Spotsylvania County: An Overhang of 28,000 By-Right Lots

We see the same problem replicated in county after county across Virginia: an overhang of thousands of lots that can be developed by right. Typically, these lots are located on off-the-beaten track farmland that will be inefficient and expensive to serve with the utilities, public services and other amenities that urban refugees demand. By definition, property with by-right development rights can be developed without obtaining approval from local government. Lacking any leverage, local boards are powerless to negotiate proffers to offset the cost of upgrading roads, utilities and services.
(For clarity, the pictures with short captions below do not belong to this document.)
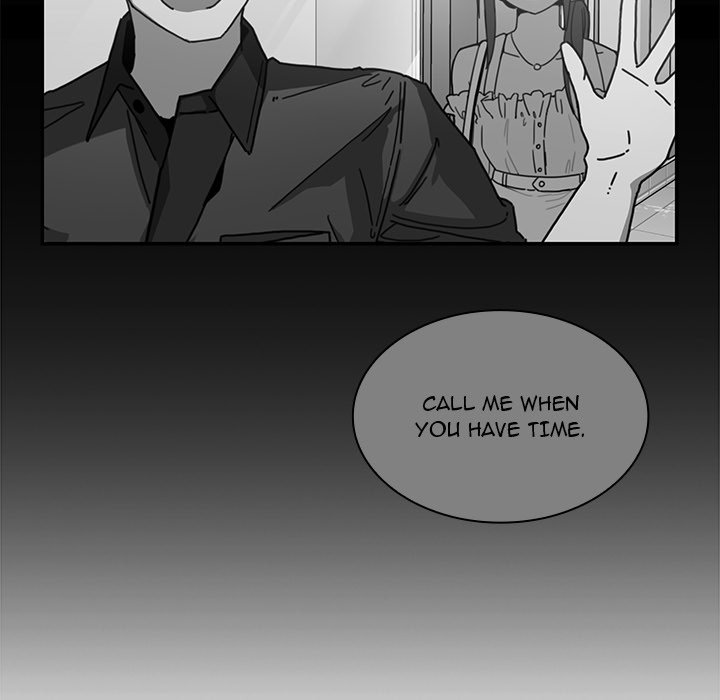 Close as Neighbors Close as Neighbors EP 13 - Toomics page 60 - 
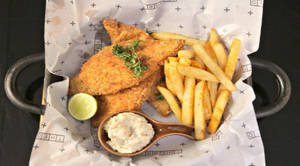 Fish & Chips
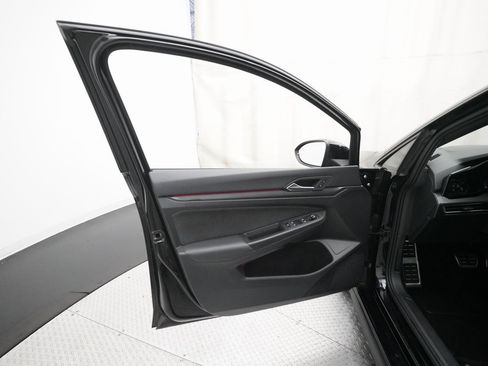 Used 2024 Volkswagen GTI S image 27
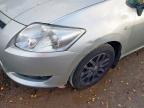 2007 TOYOTA AURIS 1.6 VVTI TR 5DR MM for sale at Copart SANDY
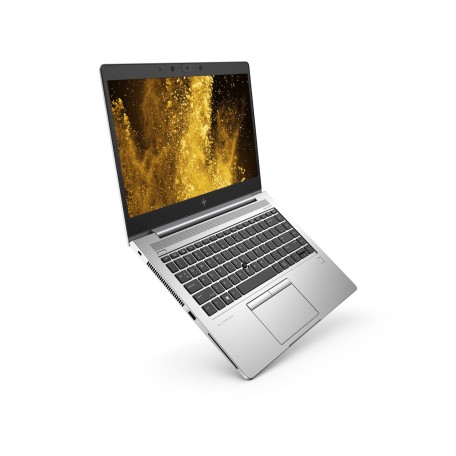 HP EliteBook 14-inch AMD Ryzen 5 pro 16GB RAM 256GB SSD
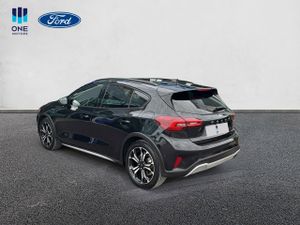 Ford Focus ACTIVE X 1.0 MHEV 125CV  - Foto 13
Spotsylvania County, on the growth fast track, is wrestling with that very issue. According to Dan Telvock with the Free Lance-Star, county guidelines allow for 28,512 by-right homes over 25 years. With proffers per home averaging more than $35,295, that’s $1 billion in revenue the county will never receive, argues Mike Jones, a principal with Tricord, a major home builder in the region.

Ironically, county proffers of that magnitude will encourage the wrong kind of growth. Home builders developing by-right properties will enjoy a huge price advantage — $35,000 — over those developing properties subject to proffers. All other things being equal, the by-right lots will be developed and sold sooner, the lots linked to proffers will be developed later. Here’s the real kick in the groin for taxpayers: The by-right lots tend to be more scattered and more remote than the lots with proffers, which tend to be clustered together, higher density and located closer to transportation arteries. Thus, the lots that yield the least in county revenues also will cost the most to serve.

What’s a county to do?

I don’t know the particulars of Spotsylvania County, so any comments I make are wary and tentative. However, I would suggest that The Comprehensive Transportation Funding and Reform Act of 2007 might reverse the perverse logic of the status quo. Spotsylvania will be required to designate an Urban Development Area comprising enough land to accommodate growth for the next 20 years. Presumably, the county will see the logic of concentrating its capital improvements within the UDA. Landowners outside the region will be served notice that they’re largely on their own. Indeed, landowners who develop their land outside the UDA may be subject to impact fees.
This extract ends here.